I couldn’t help but feel the sting of the word “use.” I flashed back to our final prelaunch meeting when Bronwyn had asked me so earnestly, Tell me what a day in the life of Thea Packer looks like?
I want to plan your events and interviews with the least possible disruption.
I’d told her about our regular dog park outings. My teeth clenched.
“Then, once Max told me you’d confided in him about Sam and why you’d written Mars”—she paused before continuing—“you know, during the Barnes & Noble date?”
As she glanced at me for some sort of confirmation that I might happen to recall this date, my blood heated to a rolling boil at the casual way she detonated one bomb after another.
As though I might not remember where I’d been when I revealed my most vulnerable truth to a man I thought I might love.
As though there had been three of us there in the fiction section that night.
Although in reality, I had to admit it was sounding more and more like it had been a three-way date—and relationship.
He might as well have been miked for how violated I felt.
But I heeded Harper’s instructions and pressed my lips together.

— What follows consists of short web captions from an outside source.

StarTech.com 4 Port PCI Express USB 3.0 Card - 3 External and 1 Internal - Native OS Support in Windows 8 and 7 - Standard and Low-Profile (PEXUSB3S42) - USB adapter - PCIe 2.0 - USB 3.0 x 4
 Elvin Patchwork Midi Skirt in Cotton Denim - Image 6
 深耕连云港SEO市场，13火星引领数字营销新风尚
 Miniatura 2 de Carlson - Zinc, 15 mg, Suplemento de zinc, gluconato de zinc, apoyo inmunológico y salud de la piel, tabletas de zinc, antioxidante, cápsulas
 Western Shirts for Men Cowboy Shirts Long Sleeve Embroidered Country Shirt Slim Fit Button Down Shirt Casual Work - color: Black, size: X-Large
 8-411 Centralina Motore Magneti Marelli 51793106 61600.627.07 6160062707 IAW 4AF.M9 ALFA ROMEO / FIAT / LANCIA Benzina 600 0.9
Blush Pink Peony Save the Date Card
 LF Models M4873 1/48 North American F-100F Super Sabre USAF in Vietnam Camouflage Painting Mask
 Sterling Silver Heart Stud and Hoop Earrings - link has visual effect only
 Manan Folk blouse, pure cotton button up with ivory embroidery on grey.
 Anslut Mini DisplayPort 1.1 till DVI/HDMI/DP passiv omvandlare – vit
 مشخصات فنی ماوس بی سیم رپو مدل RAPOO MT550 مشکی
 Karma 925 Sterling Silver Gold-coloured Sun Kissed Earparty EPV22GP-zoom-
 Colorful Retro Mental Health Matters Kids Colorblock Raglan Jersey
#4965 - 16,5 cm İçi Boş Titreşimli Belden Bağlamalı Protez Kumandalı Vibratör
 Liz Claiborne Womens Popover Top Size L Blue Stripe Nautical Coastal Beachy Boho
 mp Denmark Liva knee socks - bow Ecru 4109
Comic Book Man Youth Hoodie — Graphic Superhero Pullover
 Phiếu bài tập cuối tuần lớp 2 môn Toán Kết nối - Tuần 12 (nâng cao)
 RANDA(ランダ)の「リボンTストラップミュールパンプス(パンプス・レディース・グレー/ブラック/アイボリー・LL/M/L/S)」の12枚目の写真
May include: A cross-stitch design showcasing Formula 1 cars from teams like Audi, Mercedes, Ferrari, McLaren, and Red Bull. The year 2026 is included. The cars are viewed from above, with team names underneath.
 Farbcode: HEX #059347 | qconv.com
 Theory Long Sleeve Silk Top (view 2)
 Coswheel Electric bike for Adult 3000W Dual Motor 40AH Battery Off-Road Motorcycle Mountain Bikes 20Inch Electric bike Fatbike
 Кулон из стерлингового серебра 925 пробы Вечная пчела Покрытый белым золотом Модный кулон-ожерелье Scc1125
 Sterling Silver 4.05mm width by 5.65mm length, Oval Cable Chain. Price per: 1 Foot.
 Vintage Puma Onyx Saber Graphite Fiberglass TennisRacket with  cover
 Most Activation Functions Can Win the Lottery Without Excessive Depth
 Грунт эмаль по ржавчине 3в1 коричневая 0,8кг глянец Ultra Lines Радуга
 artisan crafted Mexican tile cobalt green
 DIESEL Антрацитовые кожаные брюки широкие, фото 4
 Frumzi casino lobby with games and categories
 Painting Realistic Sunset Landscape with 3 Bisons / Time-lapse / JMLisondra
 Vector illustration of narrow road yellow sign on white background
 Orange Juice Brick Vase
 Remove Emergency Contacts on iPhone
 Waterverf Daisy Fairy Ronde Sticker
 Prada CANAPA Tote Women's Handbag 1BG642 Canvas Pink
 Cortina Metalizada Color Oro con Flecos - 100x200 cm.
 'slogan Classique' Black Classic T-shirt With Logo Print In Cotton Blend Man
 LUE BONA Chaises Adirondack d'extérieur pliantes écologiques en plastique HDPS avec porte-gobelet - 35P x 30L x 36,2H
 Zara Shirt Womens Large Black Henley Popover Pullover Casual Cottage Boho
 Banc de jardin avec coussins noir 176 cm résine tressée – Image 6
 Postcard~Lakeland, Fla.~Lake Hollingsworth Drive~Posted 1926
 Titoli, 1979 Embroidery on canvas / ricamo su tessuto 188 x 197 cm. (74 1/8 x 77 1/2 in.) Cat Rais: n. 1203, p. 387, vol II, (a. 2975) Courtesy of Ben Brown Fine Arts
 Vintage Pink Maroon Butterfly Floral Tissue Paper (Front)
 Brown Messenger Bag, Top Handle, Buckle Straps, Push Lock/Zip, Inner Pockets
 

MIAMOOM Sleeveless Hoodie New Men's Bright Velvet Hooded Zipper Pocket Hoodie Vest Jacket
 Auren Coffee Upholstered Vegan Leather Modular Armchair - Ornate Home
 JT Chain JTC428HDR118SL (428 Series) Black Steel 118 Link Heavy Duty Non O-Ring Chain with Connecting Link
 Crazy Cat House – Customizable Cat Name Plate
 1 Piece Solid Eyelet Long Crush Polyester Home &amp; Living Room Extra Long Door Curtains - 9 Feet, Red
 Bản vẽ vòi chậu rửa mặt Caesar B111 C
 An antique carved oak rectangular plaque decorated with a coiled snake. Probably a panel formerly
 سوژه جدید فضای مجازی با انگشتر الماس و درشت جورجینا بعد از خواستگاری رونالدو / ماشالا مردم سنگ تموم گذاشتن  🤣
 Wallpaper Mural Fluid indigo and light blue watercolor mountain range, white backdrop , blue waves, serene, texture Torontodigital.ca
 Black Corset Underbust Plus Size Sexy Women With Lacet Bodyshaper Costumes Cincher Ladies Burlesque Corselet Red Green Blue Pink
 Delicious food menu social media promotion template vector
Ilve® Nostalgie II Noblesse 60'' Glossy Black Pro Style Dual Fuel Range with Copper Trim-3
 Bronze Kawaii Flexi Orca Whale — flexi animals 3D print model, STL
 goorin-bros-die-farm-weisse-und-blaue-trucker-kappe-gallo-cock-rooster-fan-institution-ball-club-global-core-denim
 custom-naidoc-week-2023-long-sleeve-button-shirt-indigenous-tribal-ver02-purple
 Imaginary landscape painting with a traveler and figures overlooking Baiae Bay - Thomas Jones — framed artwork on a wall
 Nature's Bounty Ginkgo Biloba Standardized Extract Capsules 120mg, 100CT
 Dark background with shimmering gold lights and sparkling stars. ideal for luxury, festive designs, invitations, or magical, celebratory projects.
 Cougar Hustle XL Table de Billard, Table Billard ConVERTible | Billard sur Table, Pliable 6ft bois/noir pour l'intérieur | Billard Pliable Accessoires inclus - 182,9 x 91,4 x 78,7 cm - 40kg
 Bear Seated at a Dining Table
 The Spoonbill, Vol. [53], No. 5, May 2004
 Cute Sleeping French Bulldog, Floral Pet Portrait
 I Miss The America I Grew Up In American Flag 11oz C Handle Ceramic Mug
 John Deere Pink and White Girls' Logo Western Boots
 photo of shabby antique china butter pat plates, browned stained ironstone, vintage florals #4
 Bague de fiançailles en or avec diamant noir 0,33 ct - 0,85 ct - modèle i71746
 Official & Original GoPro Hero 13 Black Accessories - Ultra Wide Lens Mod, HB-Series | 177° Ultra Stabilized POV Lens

“That was when I was pretty confident you were ready to talk more openly and help us lean into your incredibly strong marketing hook, so I arranged the craft-writing podcast and planted those questions with Jessica.” Harper and Emily gasped in tandem, but Bronwyn didn’t seem to notice.
“And then things just sort of took off, you know?”
Unfortunately, I did know.
This was all so fucking humiliating, the level of deceit off the charts. And still, I had more questions. Working to keep my voice calm, I said, “Right after we met at the dog park, I googled him and found his LinkedIn and an old NASA group photo. Then later, all of that disappeared.”